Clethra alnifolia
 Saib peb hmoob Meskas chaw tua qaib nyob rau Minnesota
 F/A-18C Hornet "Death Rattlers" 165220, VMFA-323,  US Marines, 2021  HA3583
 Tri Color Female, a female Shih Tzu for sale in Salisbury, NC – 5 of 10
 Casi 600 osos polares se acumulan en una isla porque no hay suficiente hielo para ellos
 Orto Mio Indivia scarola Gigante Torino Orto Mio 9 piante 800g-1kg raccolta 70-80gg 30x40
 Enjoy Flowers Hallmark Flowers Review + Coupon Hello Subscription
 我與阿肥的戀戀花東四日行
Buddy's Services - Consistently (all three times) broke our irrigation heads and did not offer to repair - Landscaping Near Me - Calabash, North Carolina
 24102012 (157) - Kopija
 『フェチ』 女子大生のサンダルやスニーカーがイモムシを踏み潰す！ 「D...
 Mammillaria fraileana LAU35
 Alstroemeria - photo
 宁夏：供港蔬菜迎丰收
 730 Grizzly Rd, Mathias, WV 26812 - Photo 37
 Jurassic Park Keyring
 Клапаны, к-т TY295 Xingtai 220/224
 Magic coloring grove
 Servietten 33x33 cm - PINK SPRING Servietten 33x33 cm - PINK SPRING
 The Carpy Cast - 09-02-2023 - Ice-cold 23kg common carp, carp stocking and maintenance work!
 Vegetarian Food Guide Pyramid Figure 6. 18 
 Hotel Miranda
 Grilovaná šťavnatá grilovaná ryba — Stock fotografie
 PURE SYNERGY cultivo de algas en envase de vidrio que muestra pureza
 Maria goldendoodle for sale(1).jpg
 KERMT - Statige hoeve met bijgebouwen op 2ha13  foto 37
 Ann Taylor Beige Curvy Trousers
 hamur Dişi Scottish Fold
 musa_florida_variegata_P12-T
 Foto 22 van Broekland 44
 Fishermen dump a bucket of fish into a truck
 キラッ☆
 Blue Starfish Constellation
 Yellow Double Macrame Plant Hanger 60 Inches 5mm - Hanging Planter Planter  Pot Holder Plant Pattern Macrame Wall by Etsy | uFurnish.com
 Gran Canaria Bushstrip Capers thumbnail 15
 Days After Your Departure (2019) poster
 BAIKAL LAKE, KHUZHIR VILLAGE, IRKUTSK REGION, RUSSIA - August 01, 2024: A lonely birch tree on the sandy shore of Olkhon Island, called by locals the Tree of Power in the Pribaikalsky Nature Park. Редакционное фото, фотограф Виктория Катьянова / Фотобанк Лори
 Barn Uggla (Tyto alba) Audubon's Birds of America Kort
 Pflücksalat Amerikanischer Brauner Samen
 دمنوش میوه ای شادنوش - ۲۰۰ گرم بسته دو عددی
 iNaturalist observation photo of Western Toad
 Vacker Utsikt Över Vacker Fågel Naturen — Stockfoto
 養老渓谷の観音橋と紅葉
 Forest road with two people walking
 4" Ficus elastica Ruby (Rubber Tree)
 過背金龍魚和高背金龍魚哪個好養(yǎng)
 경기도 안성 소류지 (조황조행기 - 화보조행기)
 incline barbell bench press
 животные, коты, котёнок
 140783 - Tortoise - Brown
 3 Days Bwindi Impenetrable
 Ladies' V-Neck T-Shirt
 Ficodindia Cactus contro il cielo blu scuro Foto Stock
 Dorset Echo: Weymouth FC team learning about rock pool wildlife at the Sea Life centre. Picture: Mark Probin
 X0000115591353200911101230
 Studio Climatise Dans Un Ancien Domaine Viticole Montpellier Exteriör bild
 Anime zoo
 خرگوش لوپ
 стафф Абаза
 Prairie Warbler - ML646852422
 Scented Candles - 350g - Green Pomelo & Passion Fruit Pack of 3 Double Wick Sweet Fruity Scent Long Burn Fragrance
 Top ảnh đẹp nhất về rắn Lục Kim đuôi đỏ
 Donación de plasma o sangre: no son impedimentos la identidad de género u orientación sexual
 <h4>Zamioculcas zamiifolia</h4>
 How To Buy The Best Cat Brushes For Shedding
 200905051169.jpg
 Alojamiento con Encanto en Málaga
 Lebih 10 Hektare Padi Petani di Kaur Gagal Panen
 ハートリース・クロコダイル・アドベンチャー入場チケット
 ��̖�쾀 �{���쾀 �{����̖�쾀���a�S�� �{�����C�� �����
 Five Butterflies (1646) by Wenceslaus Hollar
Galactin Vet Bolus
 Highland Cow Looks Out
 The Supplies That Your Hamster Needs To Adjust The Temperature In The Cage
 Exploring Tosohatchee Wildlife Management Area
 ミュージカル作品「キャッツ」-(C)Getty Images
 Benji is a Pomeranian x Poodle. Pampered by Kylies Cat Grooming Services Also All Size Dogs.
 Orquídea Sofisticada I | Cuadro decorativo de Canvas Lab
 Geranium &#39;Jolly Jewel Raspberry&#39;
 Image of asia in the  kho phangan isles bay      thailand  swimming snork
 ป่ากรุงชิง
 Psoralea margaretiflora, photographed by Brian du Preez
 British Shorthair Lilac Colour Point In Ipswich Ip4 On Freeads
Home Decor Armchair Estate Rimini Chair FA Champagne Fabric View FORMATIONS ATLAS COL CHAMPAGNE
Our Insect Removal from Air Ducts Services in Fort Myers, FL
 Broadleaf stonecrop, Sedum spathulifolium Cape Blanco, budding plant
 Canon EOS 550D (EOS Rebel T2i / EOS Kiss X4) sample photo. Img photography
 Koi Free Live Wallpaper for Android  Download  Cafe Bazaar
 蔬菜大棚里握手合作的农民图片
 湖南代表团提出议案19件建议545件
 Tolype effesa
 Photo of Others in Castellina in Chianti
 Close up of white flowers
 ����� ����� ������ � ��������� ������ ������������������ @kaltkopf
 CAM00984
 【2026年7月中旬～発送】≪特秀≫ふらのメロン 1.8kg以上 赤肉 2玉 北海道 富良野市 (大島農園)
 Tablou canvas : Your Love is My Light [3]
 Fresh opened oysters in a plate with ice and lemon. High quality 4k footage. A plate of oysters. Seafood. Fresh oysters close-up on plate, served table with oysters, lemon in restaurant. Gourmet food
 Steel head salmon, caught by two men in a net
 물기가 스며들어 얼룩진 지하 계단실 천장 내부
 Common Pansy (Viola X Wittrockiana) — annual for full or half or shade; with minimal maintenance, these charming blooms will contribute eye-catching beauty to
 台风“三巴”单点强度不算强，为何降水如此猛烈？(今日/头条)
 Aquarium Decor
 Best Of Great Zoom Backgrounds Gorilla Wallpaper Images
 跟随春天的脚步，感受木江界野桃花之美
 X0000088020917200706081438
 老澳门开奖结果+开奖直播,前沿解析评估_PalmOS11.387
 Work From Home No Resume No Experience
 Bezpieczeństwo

***

The lines to output run from the one containing "Aquarium Decor" to the last line of the entries; give them back exactly.

§ **SOLUTION TO THIS EXERCISE**:
 Aquarium Decor
 Best Of Great Zoom Backgrounds Gorilla Wallpaper Images
 跟随春天的脚步，感受木江界野桃花之美
 X0000088020917200706081438
 老澳门开奖结果+开奖直播,前沿解析评估_PalmOS11.387
 Work From Home No Resume No Experience
 Bezpieczeństwo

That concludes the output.